The Invisible Bridge: The Fall of Nixon and the Rise of Reagan, by Rick Perlstein - some views from a reader at sea in the text.
I bought an electronic copy of Rick Perlstein's book, the third of his trilogy on Goldwater, Nixon and Reagan because I thought I could use a fast easy read or two to spell the relatively dense astrophysics textbooks I was working my way through. If it had occurred to me to check the hardcover page count (880 pages) I might have rethought the fast and easy part.
Perlstein is not mainly interested in telling a tale of competing ideologies, much less one of horse races, but rather of drawing a fully fleshed picture of the country, as the blurb puts it:
a dazzling portrait of America on the verge of a nervous breakdown in the tumultuous political and economic times of the 1970s.
Of course I was there in those years, present as an adult voting citizen, or at least as a graduate student who happened to be a military veteran. Military friends of mine were killed in Vietnam and others were bombed by Reagan at U C Berkeley. It's interesting, though, how much I had forgotten. One thing I had forgotten was the quantity of terrorism the country was subjected to at the time, almost all of it by American terrorists with American political objectives. Leftists targeting their latest crackpot targets, murdering an Oakland school official and a physics grad student among others. Racists blowing up Churches and schools. Soreheads of all political stripes targeting mostly innocent third parties.
Perlstein does not seem to be one of those historians who likes to glorify his Presidential subjects. Of course Nixon was well beyond his Presidential triumphs, such as they were, and working his way toward his paranoid crackup when the book opens, but he still comes off as a particularly contemptible human being. Ronald Reagan is central figure in the book, and Perlstein works pretty hard to find the man beneath the myth. It's not clear that he entirely succeeds, but Perlstein has a theory, and he makes a persuasive case.
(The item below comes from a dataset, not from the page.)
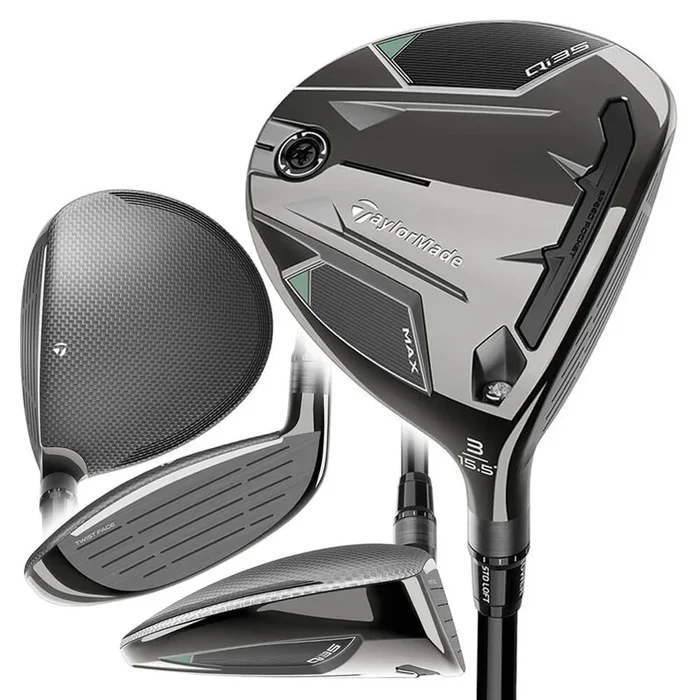 TaylorMade Qi35 Max Fairway Wood – 25 Men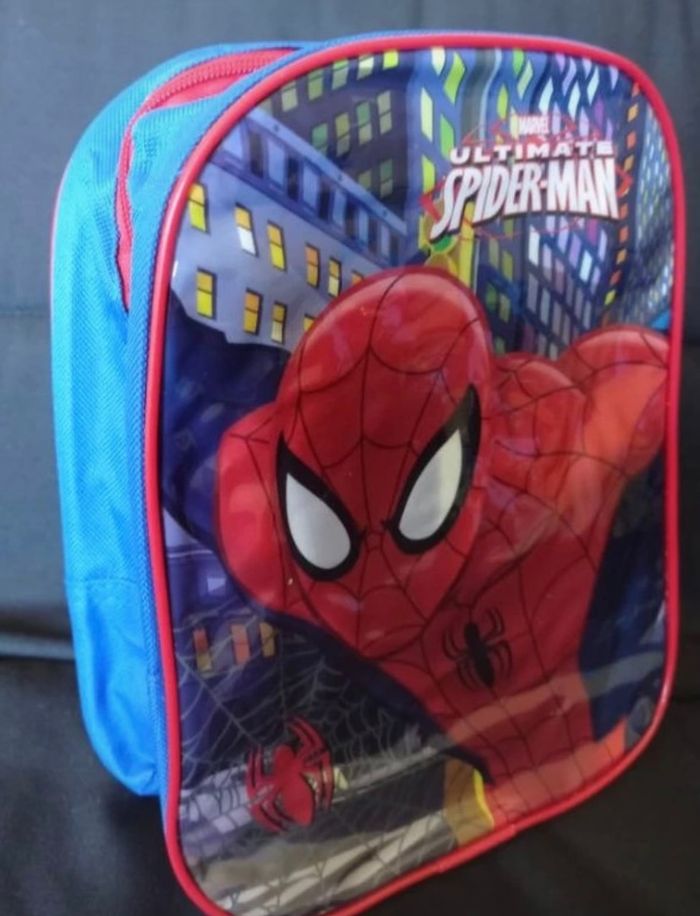 Sac école spiderman - photo numéro 6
Reagan came from a family just barely keeping it together. An alcoholic father and a mother who spent most of her energies outside the home, on her church work and her amateur theatrical career provided only minimally. In his earliest photographss, Reagan, claims Perlstein was always a lost looking outsider, the image of a bookish and nerdy outsider. At some point in his early teens, though (according to RC) there is a dramatic transformation in the pictures. He moves to center stage, shows a dominating presence and learns to present himself the better to show off his striking good looks. From that time on, he was always the hero of the personal drama he learned to construct about himself.
He had lots of friends but very few claimed to really know him. His children, perhaps especially, always felt like outsiders. His son Michael, for example, reported that when Reagan gave the graduation speech at his high school, Reagan shook his hand and introduced himself, seeming not to recognize him. His daughter claims that he concealed her mother's abusiveness, which apparently included regular beatings, and ordered her not to talk about them. All of his children seem to have tales of neglect or abuse and most have struggled to build lives of their own - something probably true of a lot of non-political Hollywood children as well.
His presidential rivals don't fare much better. Ford became perhaps unfairly famous for physical stumbles, but he is portrayed as not too bright and far from principled.
Jimmy Carter has spent much of his post-Presidential career running for the office of national saint, but Jimmy Carter the candidate gets the Perlstein treatment too. Behind the much practiced political smile was a mind both devious and when convenient, dishonest. Carter presented himself as a man who would be all things to all people, nuclear physicist, farmer, good old Southern boy and early advocate of black civil rights. In fact, he wasn't really quite any of these things - engineer rather than physicist, warehouseman rather than farmer, military officer more than good old boy, and a guy with a rather ambiguous record on civil rights.